Task item: As the answer, give exactly the lines of the records below from the one with "Fleury the goat" through the one with "Essential Guide to", ends included and pictures left out.

Material for the task:

+---+

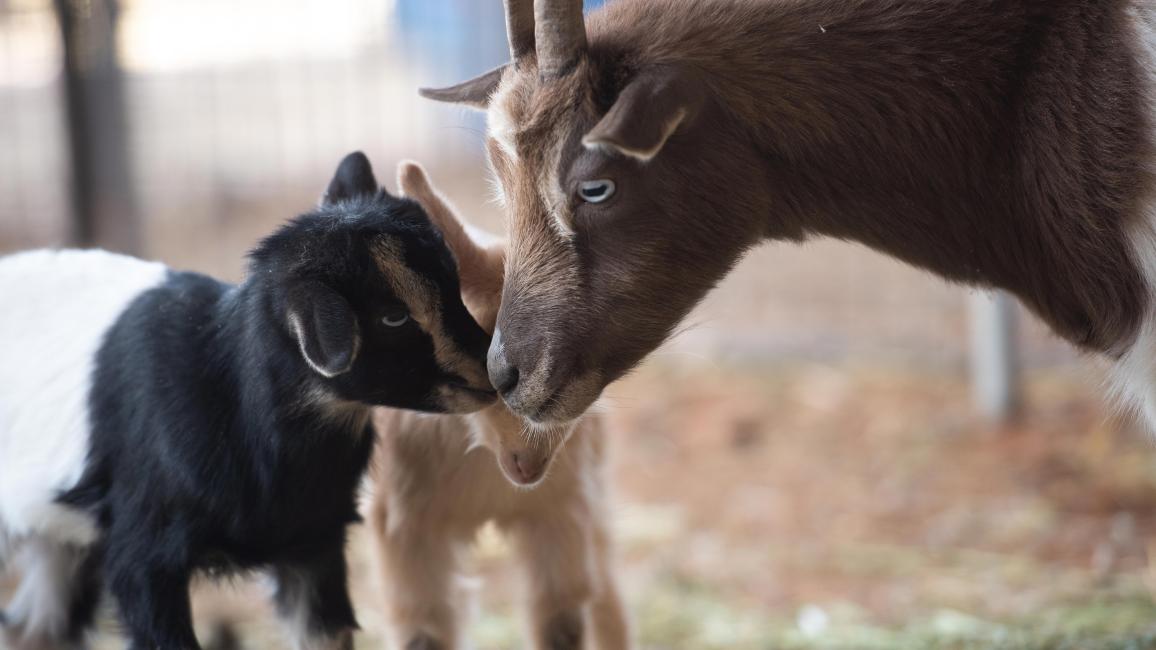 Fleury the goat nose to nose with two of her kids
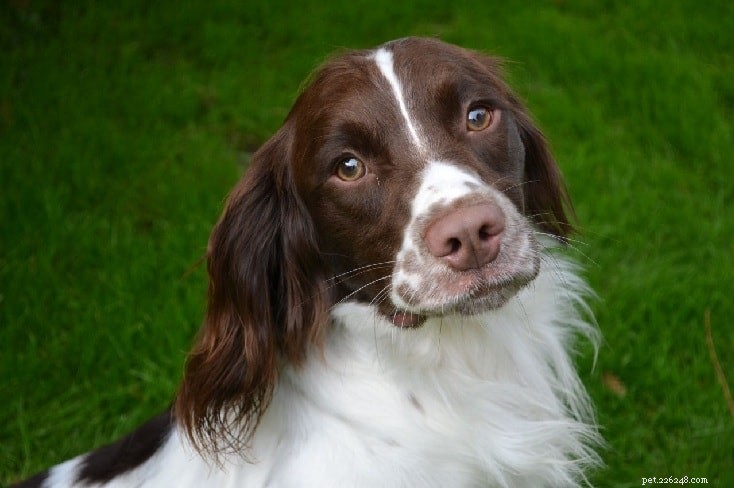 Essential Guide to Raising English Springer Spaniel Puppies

+---+

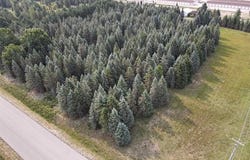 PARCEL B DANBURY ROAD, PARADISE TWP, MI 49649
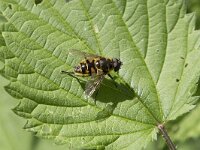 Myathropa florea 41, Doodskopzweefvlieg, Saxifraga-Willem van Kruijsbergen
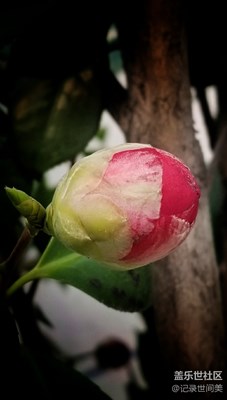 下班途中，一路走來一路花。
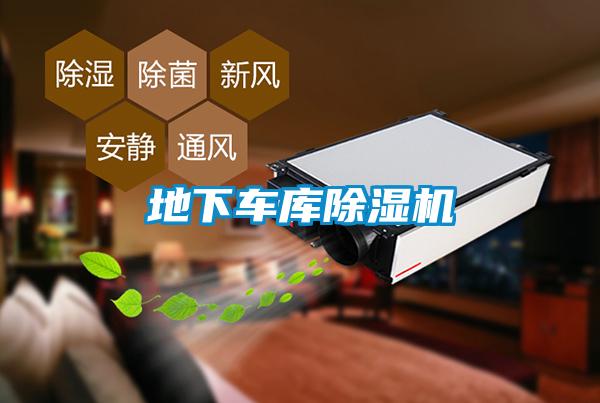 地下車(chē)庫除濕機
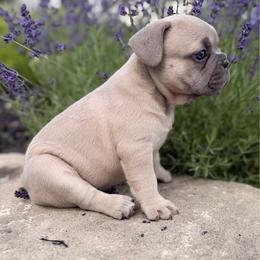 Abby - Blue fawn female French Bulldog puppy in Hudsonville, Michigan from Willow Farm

+---+

Response area:
 Fleury the goat nose to nose with two of her kids
 Essential Guide to Raising English Springer Spaniel Puppies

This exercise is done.